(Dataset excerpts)
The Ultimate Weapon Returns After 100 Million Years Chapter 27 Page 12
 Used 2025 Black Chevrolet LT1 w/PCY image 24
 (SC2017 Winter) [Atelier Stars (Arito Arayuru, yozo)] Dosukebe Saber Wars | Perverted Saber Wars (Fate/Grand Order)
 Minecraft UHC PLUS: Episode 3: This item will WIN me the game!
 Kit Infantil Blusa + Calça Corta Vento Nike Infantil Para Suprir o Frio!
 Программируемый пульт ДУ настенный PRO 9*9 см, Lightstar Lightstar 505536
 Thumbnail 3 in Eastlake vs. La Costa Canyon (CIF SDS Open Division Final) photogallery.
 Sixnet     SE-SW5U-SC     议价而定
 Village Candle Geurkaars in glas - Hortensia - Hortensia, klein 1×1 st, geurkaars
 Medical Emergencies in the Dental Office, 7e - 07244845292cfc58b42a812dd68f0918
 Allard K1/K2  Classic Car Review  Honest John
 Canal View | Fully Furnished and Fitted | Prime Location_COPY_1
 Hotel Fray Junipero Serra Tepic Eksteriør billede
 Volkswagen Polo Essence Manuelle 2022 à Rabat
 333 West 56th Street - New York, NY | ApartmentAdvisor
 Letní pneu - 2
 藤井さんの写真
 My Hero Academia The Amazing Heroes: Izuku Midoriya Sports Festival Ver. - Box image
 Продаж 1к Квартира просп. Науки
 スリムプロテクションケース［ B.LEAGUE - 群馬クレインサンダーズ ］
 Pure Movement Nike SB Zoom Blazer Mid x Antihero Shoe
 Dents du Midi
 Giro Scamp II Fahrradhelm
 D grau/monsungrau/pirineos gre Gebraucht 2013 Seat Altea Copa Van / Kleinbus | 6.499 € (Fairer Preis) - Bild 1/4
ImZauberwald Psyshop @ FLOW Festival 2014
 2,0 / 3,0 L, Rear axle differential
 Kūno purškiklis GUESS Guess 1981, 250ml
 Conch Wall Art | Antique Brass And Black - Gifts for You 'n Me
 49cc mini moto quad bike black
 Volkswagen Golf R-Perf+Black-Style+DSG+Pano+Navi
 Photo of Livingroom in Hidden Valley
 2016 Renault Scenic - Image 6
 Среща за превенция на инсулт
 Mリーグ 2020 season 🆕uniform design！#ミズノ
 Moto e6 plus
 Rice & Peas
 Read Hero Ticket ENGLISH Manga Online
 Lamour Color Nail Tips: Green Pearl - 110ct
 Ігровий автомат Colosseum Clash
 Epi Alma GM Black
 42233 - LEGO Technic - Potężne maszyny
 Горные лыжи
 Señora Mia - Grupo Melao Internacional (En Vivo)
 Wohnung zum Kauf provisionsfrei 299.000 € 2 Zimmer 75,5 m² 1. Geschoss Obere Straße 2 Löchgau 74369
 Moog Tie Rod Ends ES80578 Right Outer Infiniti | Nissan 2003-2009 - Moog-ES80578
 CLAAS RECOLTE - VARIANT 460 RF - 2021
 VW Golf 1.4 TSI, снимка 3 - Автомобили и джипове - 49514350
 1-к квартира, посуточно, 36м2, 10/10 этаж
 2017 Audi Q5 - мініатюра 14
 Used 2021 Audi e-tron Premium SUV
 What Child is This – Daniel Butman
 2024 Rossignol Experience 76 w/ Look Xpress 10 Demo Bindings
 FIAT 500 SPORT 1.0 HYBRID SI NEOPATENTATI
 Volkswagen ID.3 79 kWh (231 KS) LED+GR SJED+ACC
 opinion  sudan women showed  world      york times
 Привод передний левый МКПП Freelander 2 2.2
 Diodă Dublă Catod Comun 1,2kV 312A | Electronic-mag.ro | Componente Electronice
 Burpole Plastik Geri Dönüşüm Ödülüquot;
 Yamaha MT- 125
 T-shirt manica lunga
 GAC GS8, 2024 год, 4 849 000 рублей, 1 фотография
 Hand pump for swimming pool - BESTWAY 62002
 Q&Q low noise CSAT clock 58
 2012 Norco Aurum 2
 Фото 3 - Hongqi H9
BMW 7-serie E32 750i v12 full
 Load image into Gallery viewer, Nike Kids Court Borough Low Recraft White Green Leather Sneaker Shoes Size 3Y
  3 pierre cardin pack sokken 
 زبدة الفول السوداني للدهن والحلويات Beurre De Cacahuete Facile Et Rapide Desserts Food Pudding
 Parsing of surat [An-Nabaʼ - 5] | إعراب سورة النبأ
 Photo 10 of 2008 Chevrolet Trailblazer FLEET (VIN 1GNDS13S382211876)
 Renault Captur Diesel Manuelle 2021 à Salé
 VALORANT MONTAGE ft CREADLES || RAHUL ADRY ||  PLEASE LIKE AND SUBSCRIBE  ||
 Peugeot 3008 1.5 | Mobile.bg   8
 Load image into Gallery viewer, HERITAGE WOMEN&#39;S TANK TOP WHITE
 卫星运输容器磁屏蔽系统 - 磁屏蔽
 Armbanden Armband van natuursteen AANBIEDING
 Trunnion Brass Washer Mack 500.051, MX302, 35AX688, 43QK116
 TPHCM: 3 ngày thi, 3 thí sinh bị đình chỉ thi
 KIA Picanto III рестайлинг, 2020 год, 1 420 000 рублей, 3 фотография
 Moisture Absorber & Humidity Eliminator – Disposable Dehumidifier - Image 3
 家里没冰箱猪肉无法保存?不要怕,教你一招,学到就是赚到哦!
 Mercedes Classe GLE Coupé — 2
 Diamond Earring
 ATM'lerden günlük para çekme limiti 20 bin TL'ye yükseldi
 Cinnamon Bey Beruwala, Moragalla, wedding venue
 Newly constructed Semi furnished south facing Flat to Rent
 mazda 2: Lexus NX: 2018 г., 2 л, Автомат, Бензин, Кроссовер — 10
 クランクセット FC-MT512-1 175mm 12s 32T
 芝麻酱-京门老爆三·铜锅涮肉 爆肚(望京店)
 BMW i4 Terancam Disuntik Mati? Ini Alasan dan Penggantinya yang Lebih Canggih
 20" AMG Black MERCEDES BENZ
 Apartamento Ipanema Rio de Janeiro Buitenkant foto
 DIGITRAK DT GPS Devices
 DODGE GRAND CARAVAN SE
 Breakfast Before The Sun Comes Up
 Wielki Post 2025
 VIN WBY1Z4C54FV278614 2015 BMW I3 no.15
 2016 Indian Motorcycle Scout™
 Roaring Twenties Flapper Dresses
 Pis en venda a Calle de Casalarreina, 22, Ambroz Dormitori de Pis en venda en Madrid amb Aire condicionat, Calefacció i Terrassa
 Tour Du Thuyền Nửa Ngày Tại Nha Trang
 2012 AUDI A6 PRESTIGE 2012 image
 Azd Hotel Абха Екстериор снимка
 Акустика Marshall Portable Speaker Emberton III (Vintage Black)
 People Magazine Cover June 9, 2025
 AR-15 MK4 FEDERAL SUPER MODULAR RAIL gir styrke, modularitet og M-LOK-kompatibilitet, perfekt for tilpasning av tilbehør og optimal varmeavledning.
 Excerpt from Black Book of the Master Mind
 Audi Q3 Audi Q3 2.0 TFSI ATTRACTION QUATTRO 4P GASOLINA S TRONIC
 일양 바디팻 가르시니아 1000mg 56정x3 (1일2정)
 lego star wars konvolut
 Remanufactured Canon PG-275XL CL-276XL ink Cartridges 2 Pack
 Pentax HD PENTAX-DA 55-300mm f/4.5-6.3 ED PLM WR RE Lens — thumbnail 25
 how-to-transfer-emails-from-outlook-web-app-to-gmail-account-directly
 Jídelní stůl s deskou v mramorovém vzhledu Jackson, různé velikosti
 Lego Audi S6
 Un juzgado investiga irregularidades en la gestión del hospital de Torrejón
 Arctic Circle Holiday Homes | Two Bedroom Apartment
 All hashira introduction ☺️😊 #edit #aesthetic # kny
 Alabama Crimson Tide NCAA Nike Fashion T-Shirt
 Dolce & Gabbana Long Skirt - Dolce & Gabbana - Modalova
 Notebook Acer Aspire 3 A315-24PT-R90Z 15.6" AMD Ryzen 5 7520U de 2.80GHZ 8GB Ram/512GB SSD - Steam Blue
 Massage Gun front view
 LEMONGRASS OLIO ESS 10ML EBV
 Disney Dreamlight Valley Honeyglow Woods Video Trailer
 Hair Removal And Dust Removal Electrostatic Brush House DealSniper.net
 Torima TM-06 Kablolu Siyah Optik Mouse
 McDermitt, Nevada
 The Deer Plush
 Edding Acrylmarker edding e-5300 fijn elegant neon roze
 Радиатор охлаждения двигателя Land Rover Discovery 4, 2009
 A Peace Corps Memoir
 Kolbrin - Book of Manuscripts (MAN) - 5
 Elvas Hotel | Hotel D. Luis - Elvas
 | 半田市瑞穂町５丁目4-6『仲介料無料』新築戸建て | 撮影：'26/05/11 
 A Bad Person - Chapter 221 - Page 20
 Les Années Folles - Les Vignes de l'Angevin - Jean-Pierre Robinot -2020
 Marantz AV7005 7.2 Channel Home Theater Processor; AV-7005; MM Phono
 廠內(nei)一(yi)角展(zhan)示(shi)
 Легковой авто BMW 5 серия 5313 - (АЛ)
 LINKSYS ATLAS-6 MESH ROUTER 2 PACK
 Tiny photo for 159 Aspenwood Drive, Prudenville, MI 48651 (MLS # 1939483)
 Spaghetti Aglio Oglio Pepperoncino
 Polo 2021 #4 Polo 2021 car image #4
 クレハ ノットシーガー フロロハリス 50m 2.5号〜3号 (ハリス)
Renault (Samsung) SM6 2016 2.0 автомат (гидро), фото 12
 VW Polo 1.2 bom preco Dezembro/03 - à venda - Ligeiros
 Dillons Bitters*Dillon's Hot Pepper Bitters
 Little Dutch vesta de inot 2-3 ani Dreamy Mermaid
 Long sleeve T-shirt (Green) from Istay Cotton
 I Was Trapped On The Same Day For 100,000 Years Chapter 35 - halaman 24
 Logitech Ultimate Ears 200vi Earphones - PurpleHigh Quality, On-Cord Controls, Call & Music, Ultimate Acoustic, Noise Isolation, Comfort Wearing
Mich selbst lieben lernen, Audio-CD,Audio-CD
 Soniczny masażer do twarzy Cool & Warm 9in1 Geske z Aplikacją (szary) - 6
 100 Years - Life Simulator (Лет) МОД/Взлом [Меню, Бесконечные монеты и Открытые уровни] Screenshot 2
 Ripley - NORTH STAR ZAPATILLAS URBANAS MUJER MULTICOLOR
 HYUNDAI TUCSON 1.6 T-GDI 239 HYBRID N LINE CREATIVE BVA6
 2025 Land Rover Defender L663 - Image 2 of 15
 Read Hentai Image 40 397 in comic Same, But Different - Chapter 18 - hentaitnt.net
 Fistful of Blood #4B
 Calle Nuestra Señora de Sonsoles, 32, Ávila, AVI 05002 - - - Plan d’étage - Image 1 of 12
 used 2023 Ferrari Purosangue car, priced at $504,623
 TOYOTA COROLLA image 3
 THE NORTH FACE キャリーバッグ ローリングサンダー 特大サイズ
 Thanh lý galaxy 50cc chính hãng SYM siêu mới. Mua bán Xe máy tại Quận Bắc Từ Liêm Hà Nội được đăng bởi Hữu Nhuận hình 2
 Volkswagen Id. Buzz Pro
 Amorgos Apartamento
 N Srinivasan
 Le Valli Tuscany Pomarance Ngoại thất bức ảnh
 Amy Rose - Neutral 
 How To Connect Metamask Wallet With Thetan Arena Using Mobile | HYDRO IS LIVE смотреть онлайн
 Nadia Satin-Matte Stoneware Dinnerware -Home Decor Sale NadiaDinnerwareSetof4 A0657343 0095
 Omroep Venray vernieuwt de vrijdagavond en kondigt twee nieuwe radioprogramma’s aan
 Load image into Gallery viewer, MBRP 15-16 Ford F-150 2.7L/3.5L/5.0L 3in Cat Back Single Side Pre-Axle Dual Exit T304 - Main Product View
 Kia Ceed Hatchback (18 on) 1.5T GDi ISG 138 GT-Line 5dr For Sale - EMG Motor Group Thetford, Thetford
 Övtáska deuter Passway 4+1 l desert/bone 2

▶ _GOAL OF THE EXERCISE_:
Show me all lines in the records that contain "Chevrolet".

▶ _EXPECTED ANSWER_:
 Used 2025 Black Chevrolet LT1 w/PCY image 24
 Photo 10 of 2008 Chevrolet Trailblazer FLEET (VIN 1GNDS13S382211876)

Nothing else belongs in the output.